Exchange Hybrid Mail Loops: When Your Email Goes on a Magical Mystery Adventure

When managing Exchange hybrid environments you will be aware of the connection between Exchange Online and Exchange On-Premises and that fact that this requires a hybrid connector and mail transport, however what happens when you need to add a new domain to that hybrid connector using Hybrid Connection Wizard (HCW) which informs you it has been added, but it has not been added as its internally failed........lets start the story there with the domains we are talking about:

bythepowerofgreyskull.com (primary domain, working perfectly)
pokebearswithsticks.com (working fine)
idobeleiveinfairies.com (the failed intra-connected domain)

All domains are configured as Internal Relay in Exchange Online, all are included in my hybrid connector, and mail flow works seamlessly—except for one domain that was driving me absolutely insane.

The Problem: Mail Loops

When I added idobeleiveinfairies.com to my existing hybrid environment, everything appeared to be configured correctly.

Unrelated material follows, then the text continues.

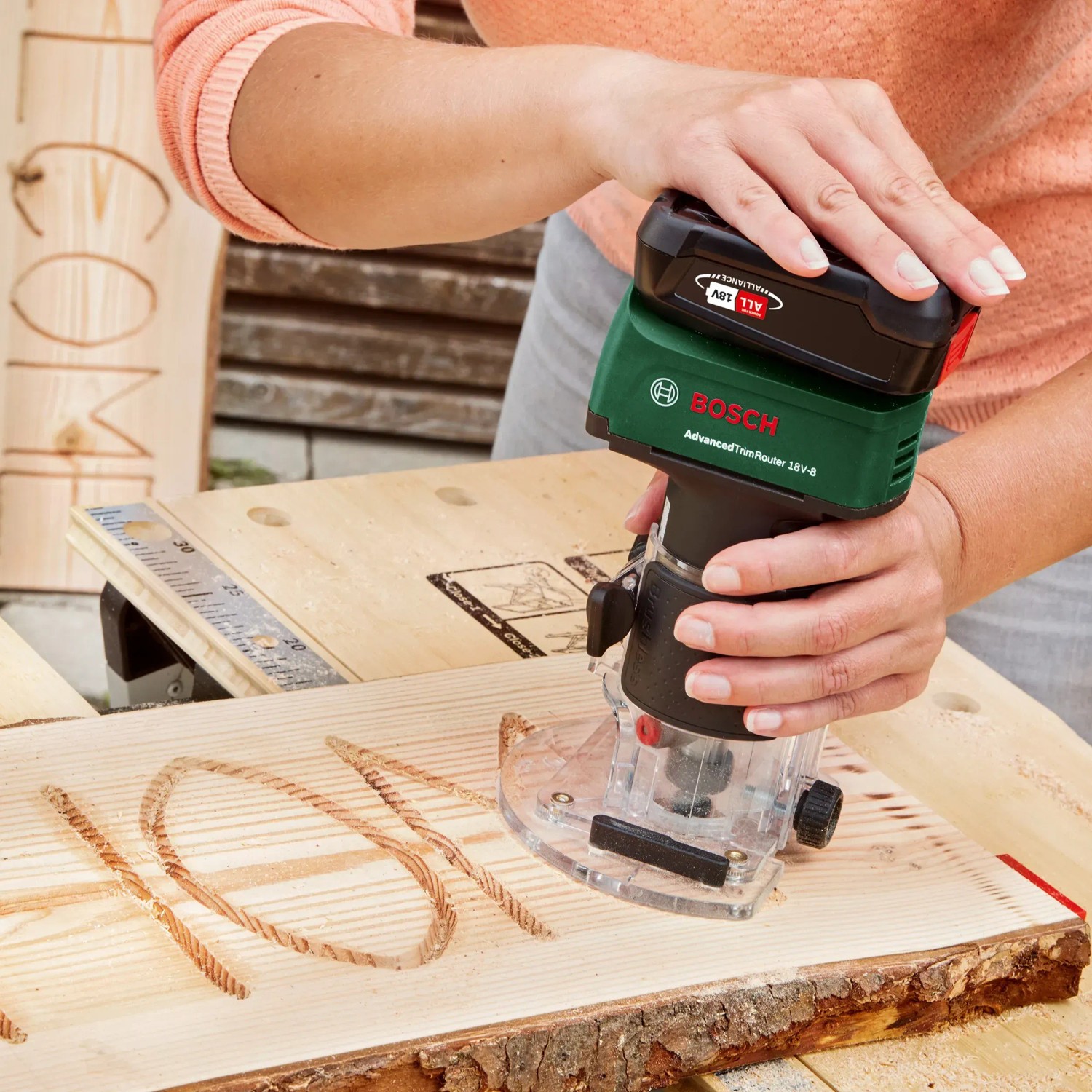 Bosch Akku-Oberfräse Advanced TrimRouter beim Fräsen von Holz.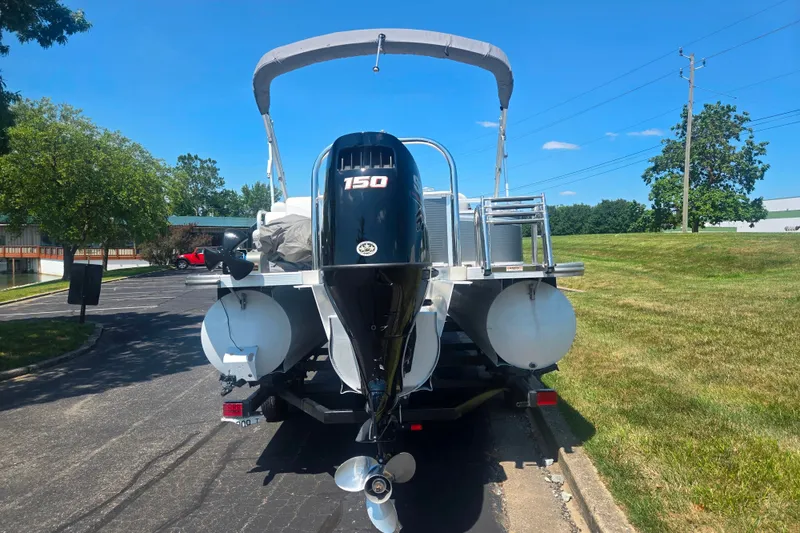 Slide: The Image of 2020 Avalon LSZ Cruise Rear Bench pontoon boat with 150 HP engine on trailer. - 2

The domain was added to the outbound connector, set as Internal Relay, and I had proper MailUser objects in Exchange Online representing my on-premises mailboxes.

But when I tested mail delivery, I got this frustrating result:

Reason: [{LED=554 5.4.14 Hop count exceeded - possible mail loop ATTR34}]
Message sent to mxa-srv57445.pricklybear.com at 84.77.11.299 using TLS1.2 with AES256

The mail was routing to PricklyBear (our third-party fictitious email filter) which was then being sent to Exchange Online only to lookup the MX record and be sent back to PricklyBear. What the hell?

Down the Rabbit Hole of Troubleshooting

Was a problem with the PricklyBear service, the thought did go though my mind as after all, bythepowerofgreyskull.com and pokebearswithsticks.com worked perfectly, so why would idobeleiveinfairies.com behave differently?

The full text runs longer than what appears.